# Exercise instructions
Could you write out, exactly as they stand, only the lines in the listing below from the line with "Modern flat icons" to the line with "silver oxidised earring", both ends included, without the pictures?

# Source material
↓

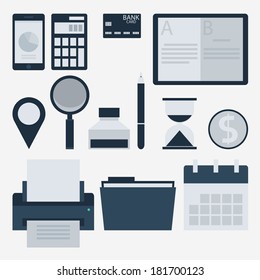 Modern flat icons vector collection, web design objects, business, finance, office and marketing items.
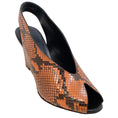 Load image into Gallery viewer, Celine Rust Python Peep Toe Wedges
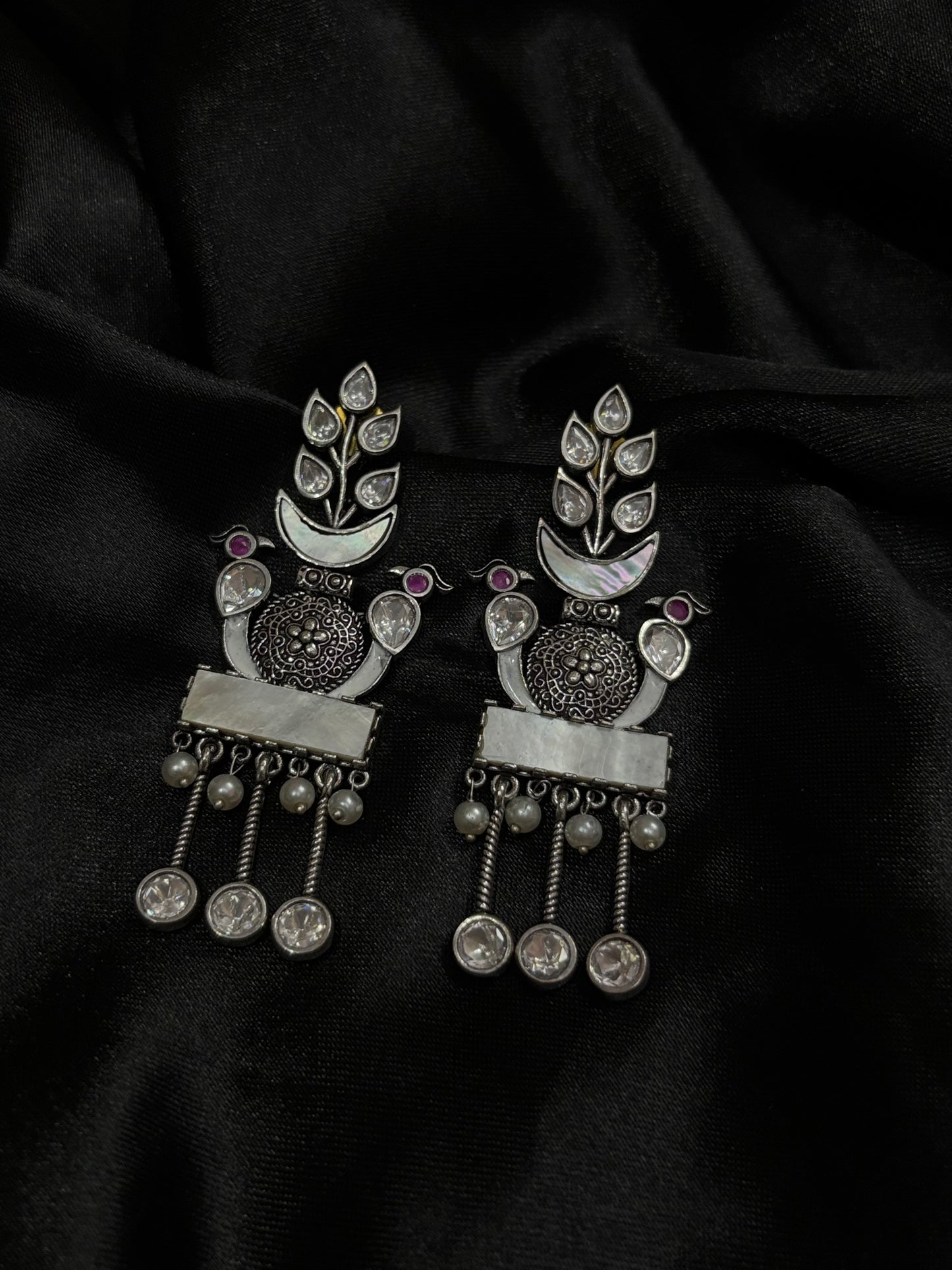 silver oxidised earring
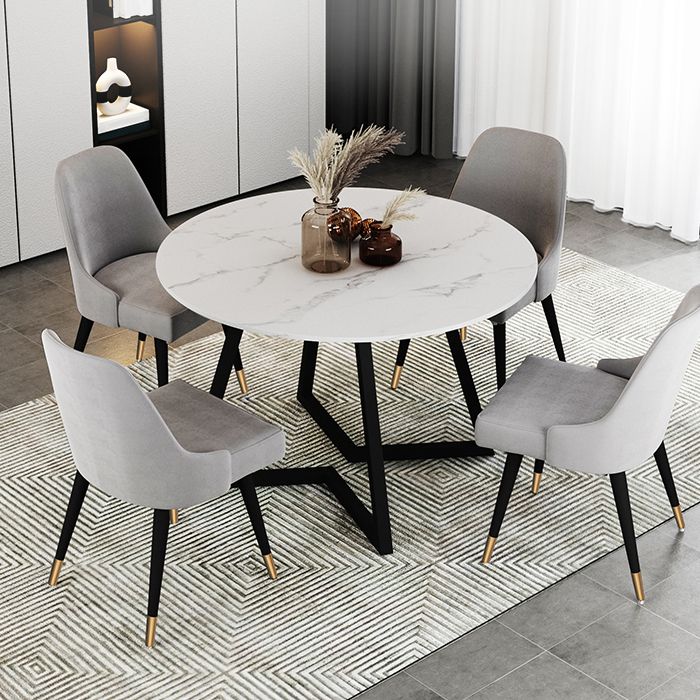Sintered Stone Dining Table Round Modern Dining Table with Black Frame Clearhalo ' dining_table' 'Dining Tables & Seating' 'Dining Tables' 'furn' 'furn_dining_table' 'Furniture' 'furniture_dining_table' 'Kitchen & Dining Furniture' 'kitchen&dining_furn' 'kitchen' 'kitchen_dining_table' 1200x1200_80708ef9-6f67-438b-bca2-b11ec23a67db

↑
↓

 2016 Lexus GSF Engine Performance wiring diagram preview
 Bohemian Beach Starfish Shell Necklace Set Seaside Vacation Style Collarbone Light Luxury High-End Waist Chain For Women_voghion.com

↑
↓

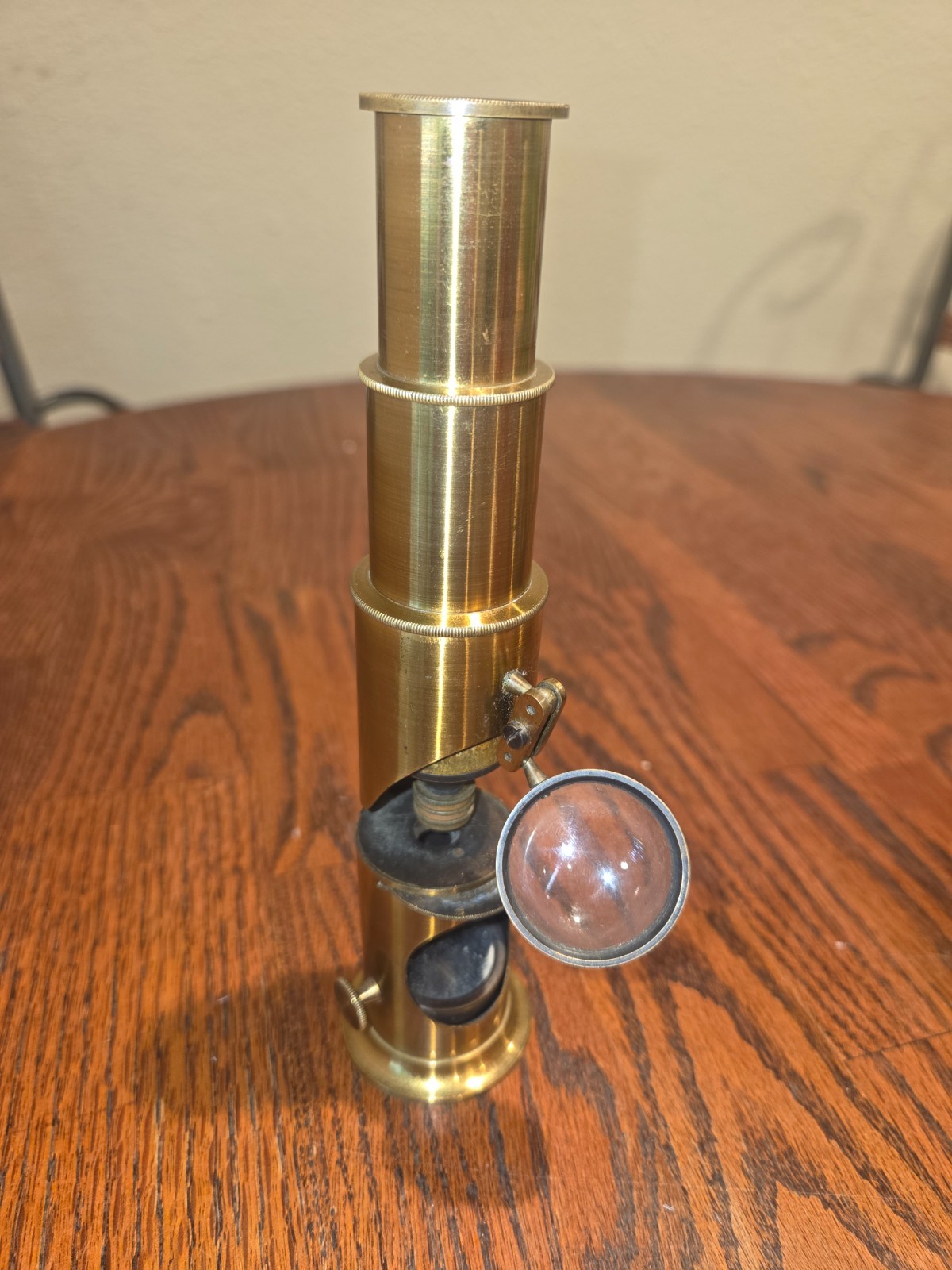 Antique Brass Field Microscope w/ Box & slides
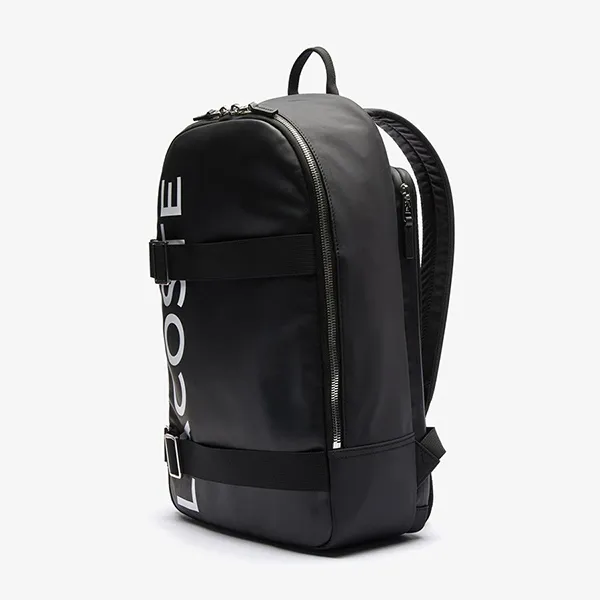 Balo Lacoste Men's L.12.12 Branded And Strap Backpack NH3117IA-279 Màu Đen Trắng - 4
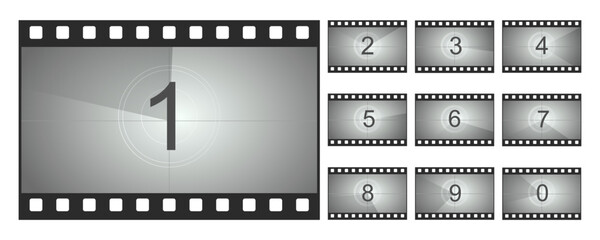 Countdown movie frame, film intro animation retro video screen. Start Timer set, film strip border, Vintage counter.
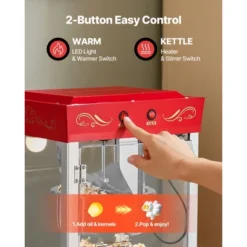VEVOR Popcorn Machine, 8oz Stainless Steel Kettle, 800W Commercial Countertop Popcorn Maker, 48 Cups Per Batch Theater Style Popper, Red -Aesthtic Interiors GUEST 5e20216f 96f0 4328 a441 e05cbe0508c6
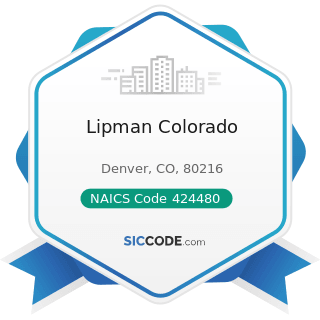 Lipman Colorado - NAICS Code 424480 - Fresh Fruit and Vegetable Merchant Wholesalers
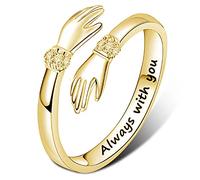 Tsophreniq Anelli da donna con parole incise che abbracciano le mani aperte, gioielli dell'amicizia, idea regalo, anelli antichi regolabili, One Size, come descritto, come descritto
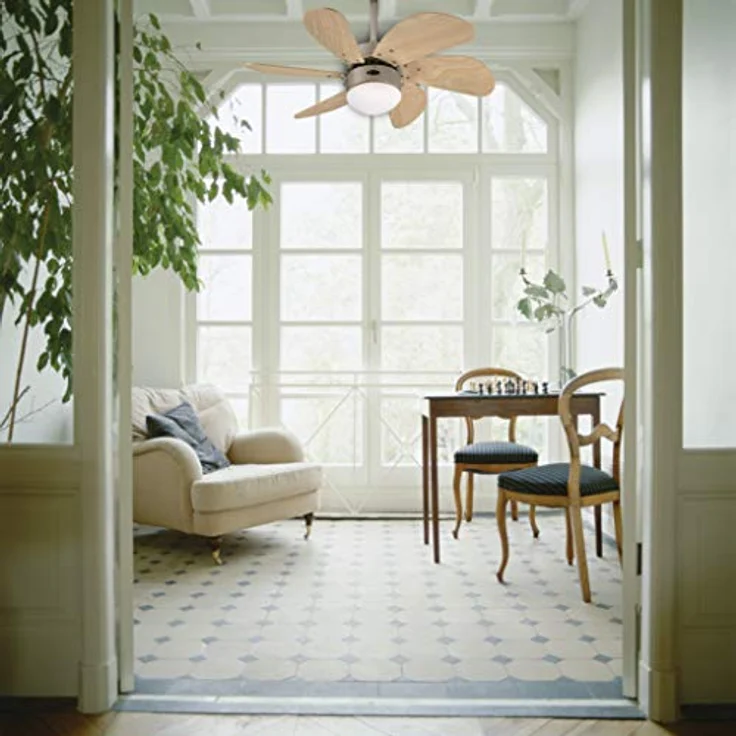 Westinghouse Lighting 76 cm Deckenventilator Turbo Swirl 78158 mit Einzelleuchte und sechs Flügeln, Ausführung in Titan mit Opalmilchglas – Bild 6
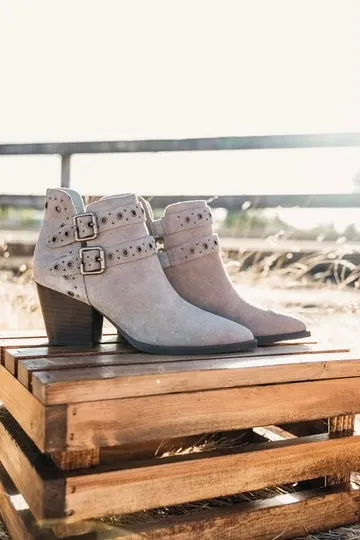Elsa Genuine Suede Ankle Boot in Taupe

↑

# Answer section
 Modern flat icons vector collection, web design objects, business, finance, office and marketing items.
 Load image into Gallery viewer, Celine Rust Python Peep Toe Wedges
 silver oxidised earring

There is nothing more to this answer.